Friday, 28 August 2015

Where is Daniel Ohm?

Partial list of items found in the flat of missing writer Daniel Ohm:

An Oral-B toothbrush with blue “brush faster” stripes: bristles bent backwards during late-night speed-brushing in an eagerness to head to bed, and the occasional bristle-nibble to remove excess toothpaste.

A copy of erotic novel Hot to Touch by Kimberly Kaye Terry, inscribed on the first page To Christine: GET U R FREAK ON, with a thin settling of dust on the cover from nine months spent unsent on the dresser. The novel had been purchased on the back of a humorous conversation about amusingly titled erotica at a writing group, and remained there while Daniel mused on the inappropriateness of having purchased a novel with his own funds as a callback to the drunken amusement that night: perhaps Christine might find the novel some pre-fumbling to his own erotic approach, or have forgotten the conversation in a week’s time, and receive the book with embarrassment?

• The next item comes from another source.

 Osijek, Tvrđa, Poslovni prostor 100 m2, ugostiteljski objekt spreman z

A half-completed manuscript entitled The Secret Life of Douglas Arm: one hundred and two A4 pages featuring an unproductive writer at work not writing his opus, visiting the shop downstairs to lech over the cute shopgirl three times during her shift, and his unedited thoughts on long walks round the town, musing on his artistic failure. Each page contained copious marginalia consisting of harsh self-criticism (“crapcrapcrap”, “WHY?!”, “seek help”), ending with the phrase “burn this” on the last page. Whether this criticism was intended as part of or a comment on the manuscript is unclear.

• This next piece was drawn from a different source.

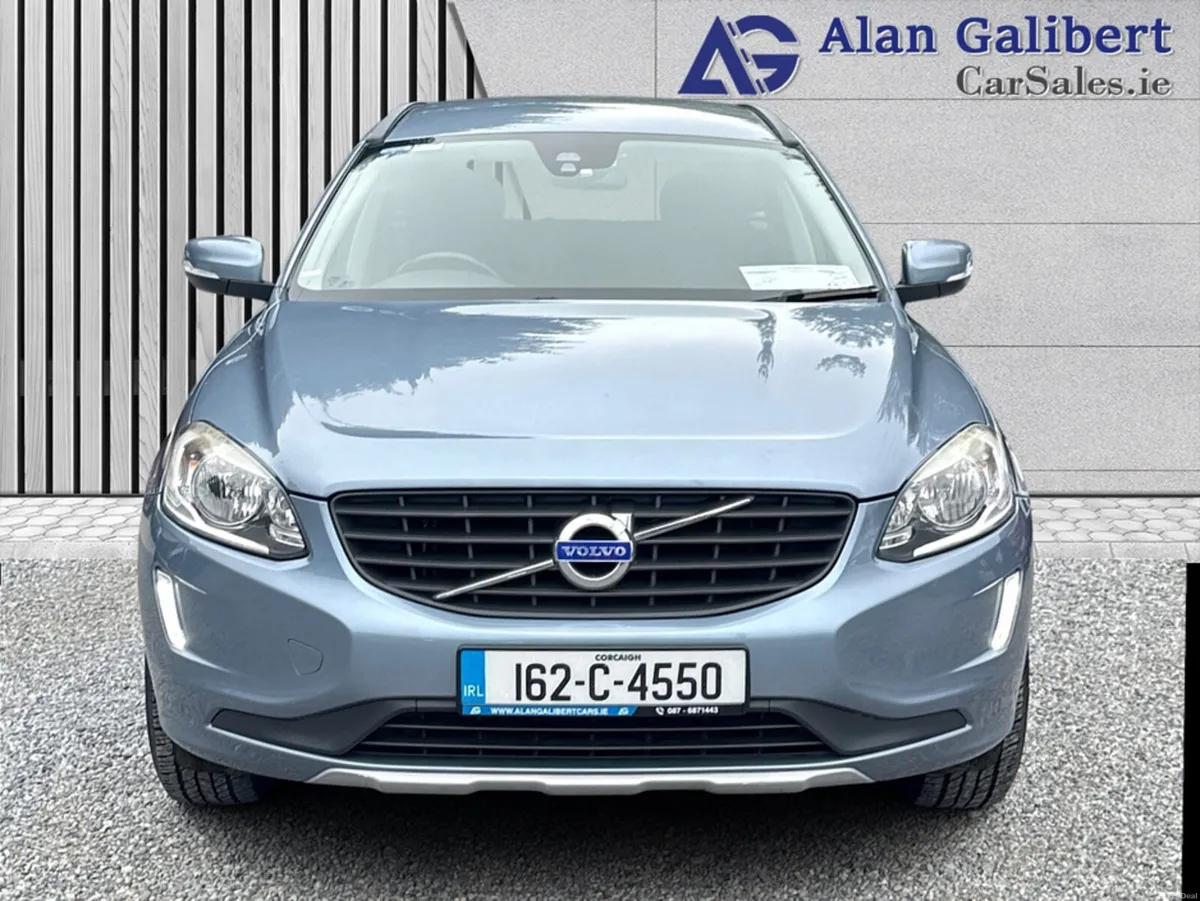 Volvo XC60 D3 FWD ES 5 - Image 4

A drawerful of unopened bags of Revels. A form of Pavlovian discipline for working on his manuscript: for each paragraph completed to his satisfaction, a favoured flavour (toffees and Galaxy counters) was eaten, and for each paragraph deemed adequate but in need of serious revision, the lesser flavours were endured.

A pentacle of the Purple Goddess Wiccan ornament. The final trace of his sixteen-month relationship with Gail Stevens, the account manager who liked to read, and who read Daniel’s unpublished comic novel about depressed crop-dusters, Coming a Cropper, considered for a week at Gangplank Press. The relationship petered out after Gail was worn down by Daniel’s fondness for moping and persistent self-examination.

A series of post-it notes scattered around the flat with questions such as: should I write?, what should I write?, what is original?, what is the point?, when will I ever complete my opus?, what is the point of an opus?, etc.

The complete novels of Macdonald Harris in hardback.

The search continues . . .

Tuesday, 31 March 2015

Penny for Them?

Penny for them?: An Homage in Imitation of Hervé Le Tellier

I was thinking how the rise of atheism will only help to serve capitalist bastardry.

I was thinking I cannot understand the logic of wanting to sire children.

I was thinking I have never been seriously impacted by a change of government.

I was thinking the more I read the harder it becomes to appreciate truly adequate craftsmanship.

I was thinking how my ineptness at living seriously impaired your thirst for living.

I was thinking whether Christine Brooke-Rose might have had fun in the Oulipo, and whether her refusal to participate was a rather English and arch decision.

I was thinking how the malleability of the future should be embraced, provided one has reliable support beams.

I was thinking whether my attempts to become an intellectual will bring me as much happiness as perpetually clowning around.

I was thinking how I never wanted our relationship to evolve beyond the nostalgia of our first two years together.

I was thinking how killable sexual fantasies might be if their attendant smells were introduced.

I was thinking the more you write, the more the right words materialise, and how ironic it was that I changed the last word of this thought when transferring from notepad to laptop.

I was thinking that Will Self resembles Gogol’s remark from ‘The Nose’ of Ivan Ivanovich’s head as “a radish with the tail pointing down”.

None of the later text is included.